A couple of years after that, I took my bike to Italy to report the Tour of Sardinia, an early-season race that Tour de France champions Jacques Anquetil, Lucien Aimar and Jan Janssen were riding. They would all survive a true winter tempest of lightning, rain, hail and snow on a mountainside of that sparsely beautiful Mediterranean island. British rider Derek Harrison told me the peloton was slowed when an intense part of the storm covered the road an inch deep in golf-ball-sized hailstones, and Tour winner Janssen stopped several times to wipe his glasses clean and another time to scrounge a pair of woolen gloves.

That day, I climbed just ahead of the race to the 4,000-foot summit of the Arcu Correboi pass, where a well-muffled spectator gave me two swigs from a flask of Cognac before the riders arrived. As the hail turned to snow, a white blanket covered the bumpy road. And after the peloton passed, I began the steep descent, where the wind-blown snow stung my face. In order to see, I had to close one eye, leave the other half open and screw my head around at an angle.

My feet, hands and face were slowly freezing when suddenly a great booming sound came from behind, and a high wall of metal loomed into my peripheral vision. It was a snowplow. The driver waved me over, stopped, put my bike in the back of his truck and helped me into the heated cab. He dropped me off 10 miles later in the remote mountain town of Fonni, where a group of villagers crowded around this still-shivering stranger, and one of them took me and my bike into a bar to treat me to another tot of brandy!

I had a more frightening snowstorm experience in the mid-1980s after reporting the Étoile de Bessèges, a February stage race in southern France — where rookie American pro Thurlow Rogers from Southern California was shocked one day when the water in his bottles turned to ice. I covered the race by bike. The next day, I headed east on a back road through the Cévennes. As I gained elevation, the light snow grew in intensity, and fell so deep on the road that I had to dismount and push my luggage-laden bike as best I could; I’d gone too far to turn back.

There were no houses on that desolate plateau, and I hadn’t seen any vehicles since early in the day. I was having trouble navigating in the whiteout, and I was getting colder and colder, despite putting on all the extra clothing I could find in my panniers. What should have been a pleasant two-hour ride was turning into a never-ending trudge … perhaps I wouldn’t even make it.

The snow kept falling. And when the road began dropping toward a far valley, I hopped onto one pedal, scooting the bike, in the hope of getting to a village before I collapsed with hypothermia—well, that’s what was going through my mind after all those hours of plodding alone in that bleak, silent, snow-covered landscape.

Just as I was despairing of ever reaching civilization I spotted a truck moving in the far distance.

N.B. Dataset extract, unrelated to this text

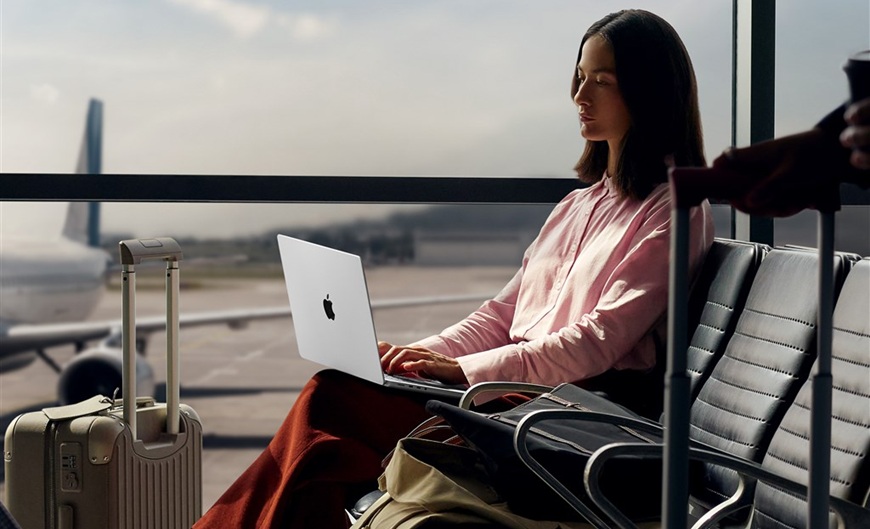 Jak vybrat notebook? žena sedí v letištní hale na lavičce a pracuje na MacBooku Pro 14 M5, který má položen na kolenou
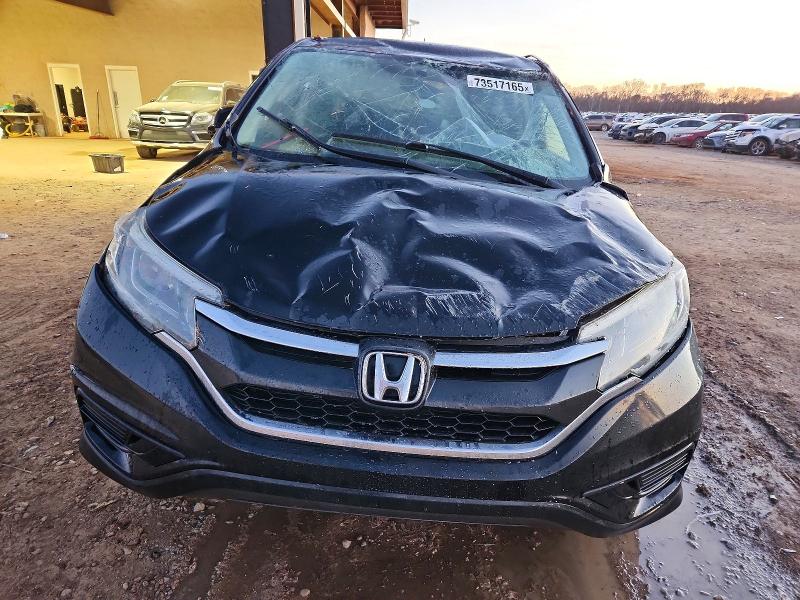 Photo 5 from auction – 2016 HONDA CR-V SE with VIN 2HKRM4H41GH677520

It didn’t come my way, but when I reached where it had been, I found the road had been partially plowed. I was able to start riding (very slowly) again … and I did reach a village, where I stuffed myself with cookies and hot tea before continuing to a real town. I checked into a small inn and soaked in a hot, deep bathtub. Bliss.

As for the most memorable day of bad-weather bike racing I’ve witnessed, that came in 1988 at the Giro d’Italia — and I don’t think anyone told the peloton to stop racing when heavy rain turned to snow on the Passo di Gavia. I know how cold it was because the French journalist I was traveling with stopped his car on the 8,600-foot summit. We stood in snow being driven horizontally by fierce crosswinds and watched the racers climbing laboriously, one by one, through the blizzard.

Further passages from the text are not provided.